◆ **Work instruction**
Nothing but the lines from the one containing "DYMO S2174602 Junior" to the end of the data should be returned, each exactly as written.

◆ **Excerpted data**
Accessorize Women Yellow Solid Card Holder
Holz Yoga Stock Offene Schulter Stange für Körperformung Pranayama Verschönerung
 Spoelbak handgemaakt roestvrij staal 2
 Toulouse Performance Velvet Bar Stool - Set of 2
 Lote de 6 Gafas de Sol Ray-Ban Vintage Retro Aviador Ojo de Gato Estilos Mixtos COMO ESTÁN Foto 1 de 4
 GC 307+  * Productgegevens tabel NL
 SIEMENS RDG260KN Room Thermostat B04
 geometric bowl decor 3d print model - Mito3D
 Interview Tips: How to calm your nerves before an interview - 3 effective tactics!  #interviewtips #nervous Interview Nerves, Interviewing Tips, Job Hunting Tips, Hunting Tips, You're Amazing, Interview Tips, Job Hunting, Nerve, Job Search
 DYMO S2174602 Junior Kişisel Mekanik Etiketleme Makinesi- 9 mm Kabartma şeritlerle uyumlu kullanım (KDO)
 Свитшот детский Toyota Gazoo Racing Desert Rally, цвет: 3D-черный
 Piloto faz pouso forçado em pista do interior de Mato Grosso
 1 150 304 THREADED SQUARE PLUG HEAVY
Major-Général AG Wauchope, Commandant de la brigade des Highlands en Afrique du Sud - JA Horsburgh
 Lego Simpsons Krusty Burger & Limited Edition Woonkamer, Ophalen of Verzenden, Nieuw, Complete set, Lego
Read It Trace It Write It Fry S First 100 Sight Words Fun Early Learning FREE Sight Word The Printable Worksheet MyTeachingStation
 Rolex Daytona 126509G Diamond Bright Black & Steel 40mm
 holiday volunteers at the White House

◆ **Exercise answer**
 DYMO S2174602 Junior Kişisel Mekanik Etiketleme Makinesi- 9 mm Kabartma şeritlerle uyumlu kullanım (KDO)
 Свитшот детский Toyota Gazoo Racing Desert Rally, цвет: 3D-черный
 Piloto faz pouso forçado em pista do interior de Mato Grosso
 1 150 304 THREADED SQUARE PLUG HEAVY
Major-Général AG Wauchope, Commandant de la brigade des Highlands en Afrique du Sud - JA Horsburgh
 Lego Simpsons Krusty Burger & Limited Edition Woonkamer, Ophalen of Verzenden, Nieuw, Complete set, Lego
Read It Trace It Write It Fry S First 100 Sight Words Fun Early Learning FREE Sight Word The Printable Worksheet MyTeachingStation
 Rolex Daytona 126509G Diamond Bright Black & Steel 40mm
 holiday volunteers at the White House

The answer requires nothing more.